■ Input data
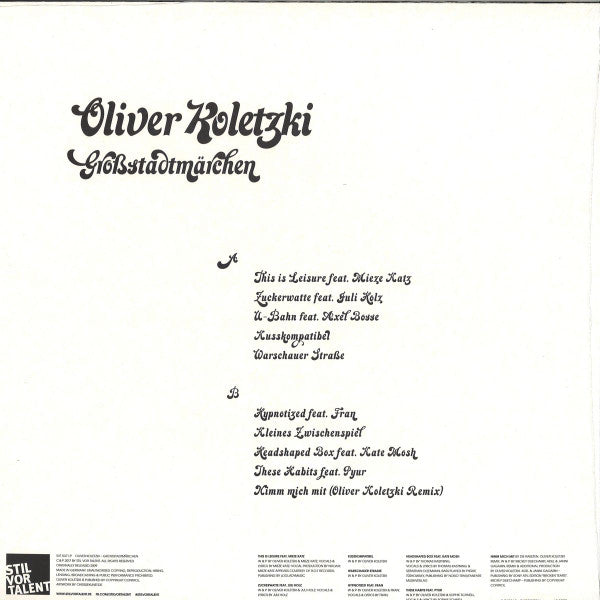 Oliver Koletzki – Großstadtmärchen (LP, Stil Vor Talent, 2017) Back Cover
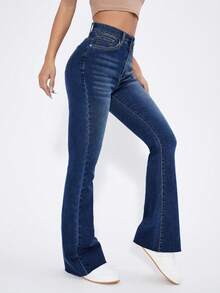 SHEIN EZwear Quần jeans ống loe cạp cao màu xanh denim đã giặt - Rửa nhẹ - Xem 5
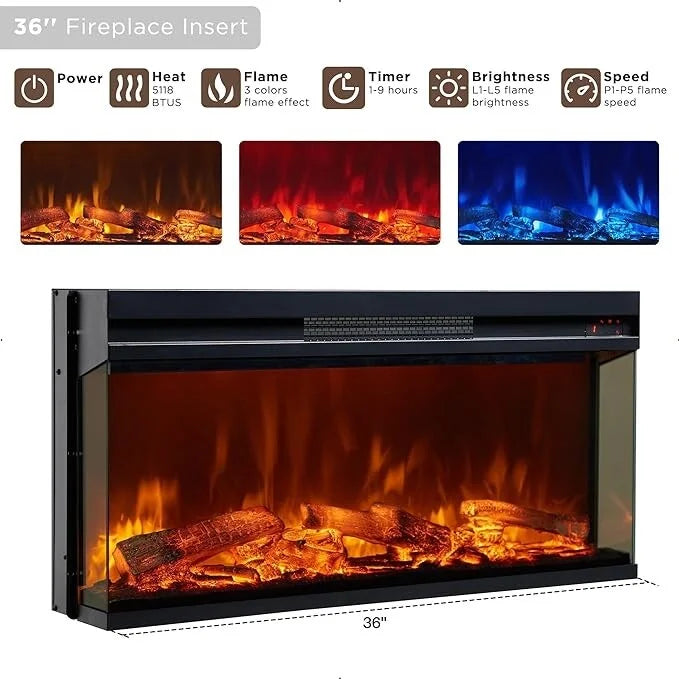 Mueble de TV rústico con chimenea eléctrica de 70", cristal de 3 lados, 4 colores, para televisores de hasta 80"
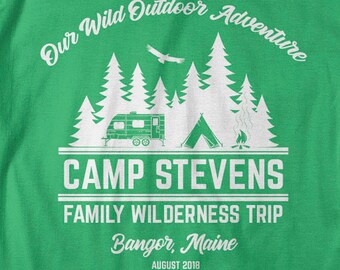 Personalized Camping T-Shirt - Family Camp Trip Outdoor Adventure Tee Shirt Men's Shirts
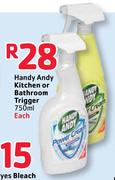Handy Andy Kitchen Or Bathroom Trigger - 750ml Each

--

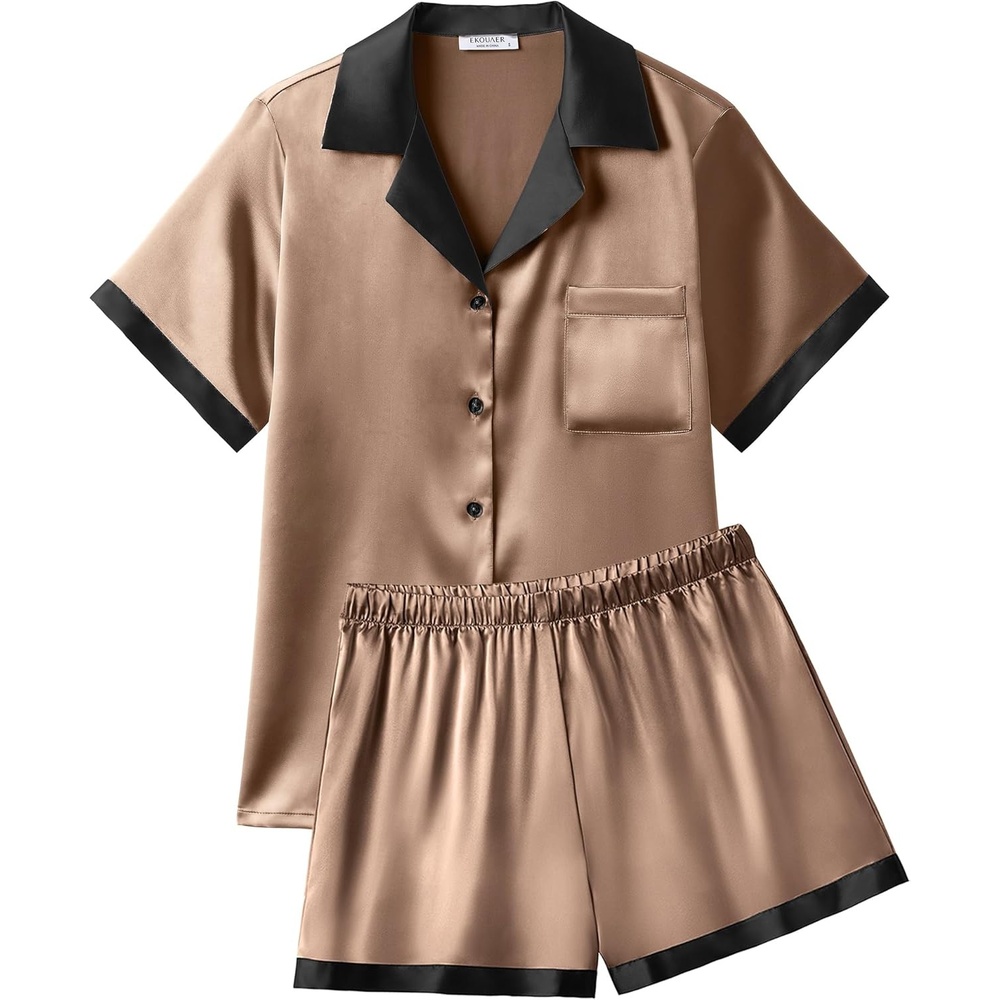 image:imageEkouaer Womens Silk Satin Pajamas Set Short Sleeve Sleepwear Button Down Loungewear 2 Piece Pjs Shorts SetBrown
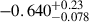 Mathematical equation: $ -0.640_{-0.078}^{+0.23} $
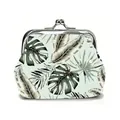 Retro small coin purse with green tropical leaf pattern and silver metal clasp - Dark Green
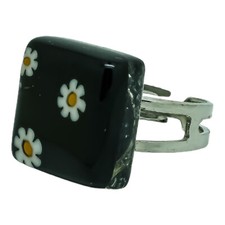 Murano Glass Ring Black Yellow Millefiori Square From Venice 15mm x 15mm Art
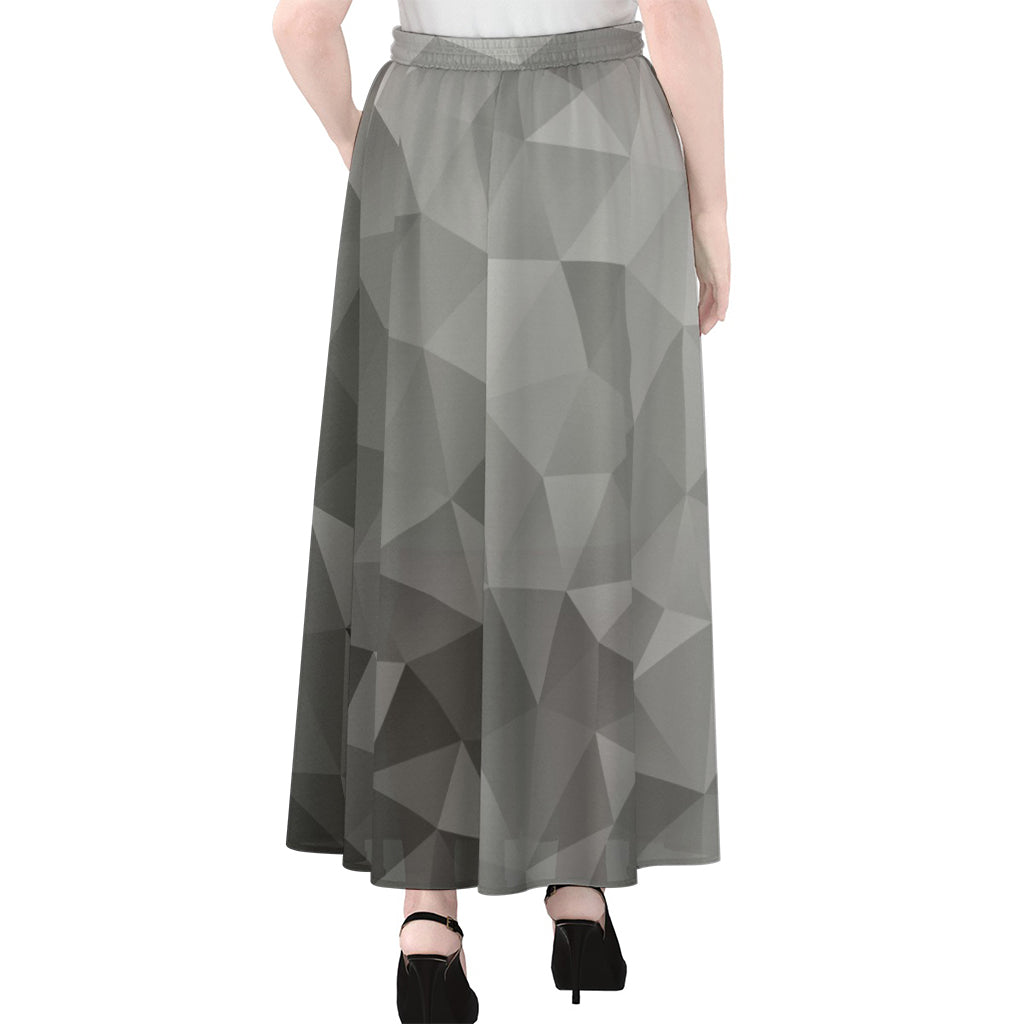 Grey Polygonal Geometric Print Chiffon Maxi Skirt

* * *

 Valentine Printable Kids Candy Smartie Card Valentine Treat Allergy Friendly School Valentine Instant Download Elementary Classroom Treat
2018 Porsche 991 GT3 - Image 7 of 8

■ Problem to solve
Nothing but the lines above from the line with "Personalized Camping T-Shirt" up to and including the line with "Handy Andy Kitchen" should be returned, exactly as written and without pictures.

■ Answer to the problem
 Personalized Camping T-Shirt - Family Camp Trip Outdoor Adventure Tee Shirt Men's Shirts
Handy Andy Kitchen Or Bathroom Trigger - 750ml Each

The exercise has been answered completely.